* [Data for review]:
▬▬▬
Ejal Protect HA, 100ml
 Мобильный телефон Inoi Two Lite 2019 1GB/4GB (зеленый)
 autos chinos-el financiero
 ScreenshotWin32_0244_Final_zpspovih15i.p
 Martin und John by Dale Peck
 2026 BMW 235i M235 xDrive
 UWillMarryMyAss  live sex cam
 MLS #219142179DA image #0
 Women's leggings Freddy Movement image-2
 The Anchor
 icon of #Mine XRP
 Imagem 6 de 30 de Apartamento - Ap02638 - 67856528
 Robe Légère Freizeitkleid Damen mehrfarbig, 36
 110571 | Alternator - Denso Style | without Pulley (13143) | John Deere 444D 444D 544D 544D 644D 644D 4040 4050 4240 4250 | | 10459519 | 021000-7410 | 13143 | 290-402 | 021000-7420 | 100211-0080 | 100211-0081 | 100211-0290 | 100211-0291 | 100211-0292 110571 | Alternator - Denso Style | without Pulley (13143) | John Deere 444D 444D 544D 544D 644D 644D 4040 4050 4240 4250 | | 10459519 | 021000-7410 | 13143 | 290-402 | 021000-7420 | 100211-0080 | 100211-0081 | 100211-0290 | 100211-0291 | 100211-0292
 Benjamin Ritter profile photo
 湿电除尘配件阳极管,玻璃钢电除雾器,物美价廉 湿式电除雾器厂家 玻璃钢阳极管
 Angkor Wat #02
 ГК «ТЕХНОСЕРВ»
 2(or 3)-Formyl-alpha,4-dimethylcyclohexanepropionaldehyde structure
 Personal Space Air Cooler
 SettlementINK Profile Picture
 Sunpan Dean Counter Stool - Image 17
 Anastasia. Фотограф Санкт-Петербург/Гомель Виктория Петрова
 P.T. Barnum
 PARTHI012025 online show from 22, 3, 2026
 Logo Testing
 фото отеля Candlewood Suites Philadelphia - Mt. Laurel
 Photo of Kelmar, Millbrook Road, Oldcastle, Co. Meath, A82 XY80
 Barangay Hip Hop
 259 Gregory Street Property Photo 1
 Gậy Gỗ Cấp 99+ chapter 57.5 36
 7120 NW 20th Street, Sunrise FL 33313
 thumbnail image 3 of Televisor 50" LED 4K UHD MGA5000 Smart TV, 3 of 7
▬▬▬
* [What to produce]: Only the line containing "259 Gregory Street Property Photo 1" and the lines after it, up to and including the last line of the data, should appear in the answer, exactly as written.

* [Task result]:
 259 Gregory Street Property Photo 1
 Gậy Gỗ Cấp 99+ chapter 57.5 36
 7120 NW 20th Street, Sunrise FL 33313
 thumbnail image 3 of Televisor 50" LED 4K UHD MGA5000 Smart TV, 3 of 7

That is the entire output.